Suppose that $T \sim t_{df}$. Then,
\begin{align*} T^2 & \sim \mathcal{F}_{1, df} \end{align*}In words, the square of a $t_{df}$-distributed random variable follows an $\mathcal{F}$ distribution, with one numerator degree of freedom and $df$ denominator degrees of freedom.
With this in mind, let's consider an interesting correspondence between
$t$-tests for individual slope parameters
Partial $\mathcal{F}$-tests where only one slope parameter equals zero under the null
Consider two approaches to testing whether or not we need the interaction between income and competitors:
Partial $\mathcal{F}$-test
Model 1: sales ~ income + competitors
Model 2: sales ~ income * competitors
Res.Df RSS Df Sum of Sq F Pr(>F)
1 61 277232
2 60 272958 1 4274.1 0.9395 0.3363
Consider two approaches to testing whether or not we need the interaction between income and competitors:
$t$-test
Estimate Std. Error t value Pr(>|t|)
(Intercept) 205.0266 128.7509 1.592 0.1165
income 5.6312 2.1195 2.657 0.0101 *
competitors -61.6539 38.2112 -1.614 0.1119
income:competitors 0.5841 0.6026 0.969 0.3363
$0.97^2 = 0.94$. $p$-values are identical.
Consider a simple regression of Sales on Income
lm(formula = sales ~ income)
Estimate Std. Error t value Pr(>|t|)
(Intercept) 120.4583 58.6327 2.054 0.0442 *
income 6.0807 0.9066 6.707 6.89e-09 ***
---
F-statistic: 44.99 on 1 and 62 DF, p-value: 6.888e-09
Compare the $p$-values on the overall F test and for the slope on income. Why are they equal?

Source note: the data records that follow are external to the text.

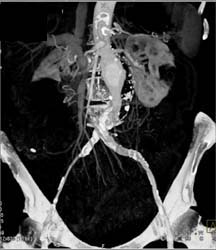 Abdominal Aortic Aneurysm (AAA) With Stents and Stenosis Right External Iliac Artery - CTisus CT Scan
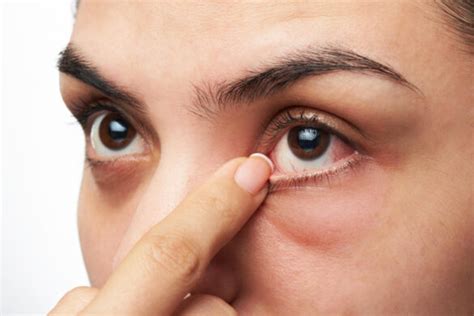 Eyelid Redness Causes Symptoms Inflamed Dry Itchy Swollen Red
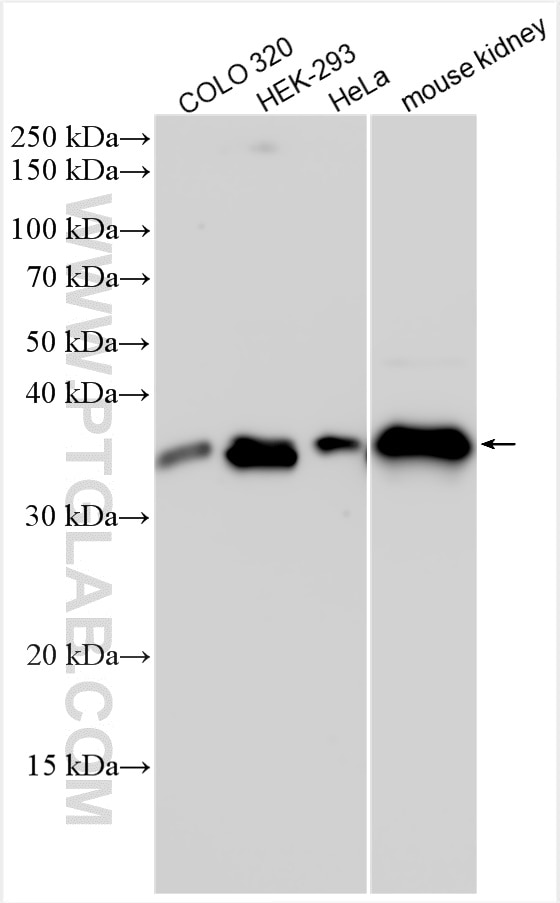 Western Blot (WB) analysis of various lysates using LGMN Polyclonal antibody (15095-1-AP)
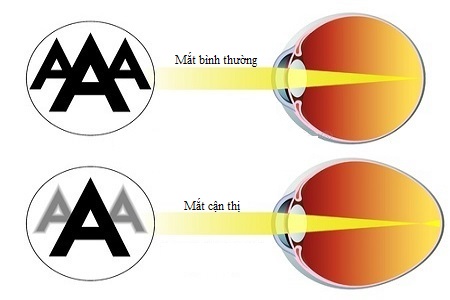 cận thị là gì, hiểu biết cơ bản về bệnh cận thị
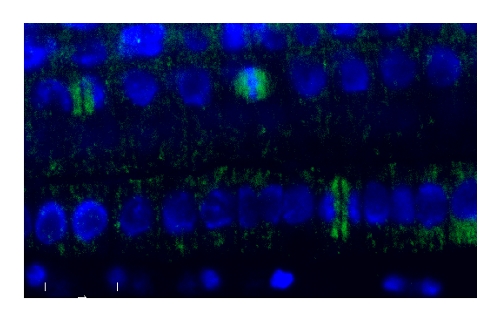 plant tubulin beta immunolocalization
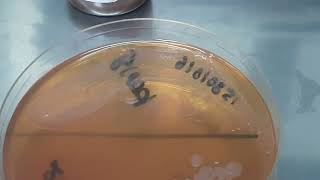 Serratia mercescens growth on broth  Bactec vial and MacConkey agar  Neonatal sepsis [upl. by Imoian]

A random variable $T_\nu$ follows a $t_\nu$ distribution if it can be expressed as follows:
\begin{align*} T_\nu &= \frac{Z}{\sqrt{\sum_{i=1}^\nu Z_i^2/\nu}}, \end{align*}where $Z,Z_1,\dots,Z_\nu\overset{iid}{\sim}N(0,1)$.
All of our $t$-statistics can be expressed in this form under the stronger linear model!
A random variable $F_{\nu_1, \nu_2}$ follows a $\mathcal{F}_{\nu_1,\nu_2}$ distribution if it can be expressed as follows:
\begin{align*} F_{\nu_1,\nu_2} &= \frac{\sum_{i=1}^{\nu_1} W_i^2/\nu_1}{\sum_{j=1}^{\nu_2} Z_j^2/{\nu_2}}, \end{align*}where $W_1,\dots,W_{\nu_1}, Z_1,\dots,Z_{\nu_2}\overset{iid}{\sim}N(0,1)$.
All of our $F$-statistics can be expressed in this form under the stronger linear model!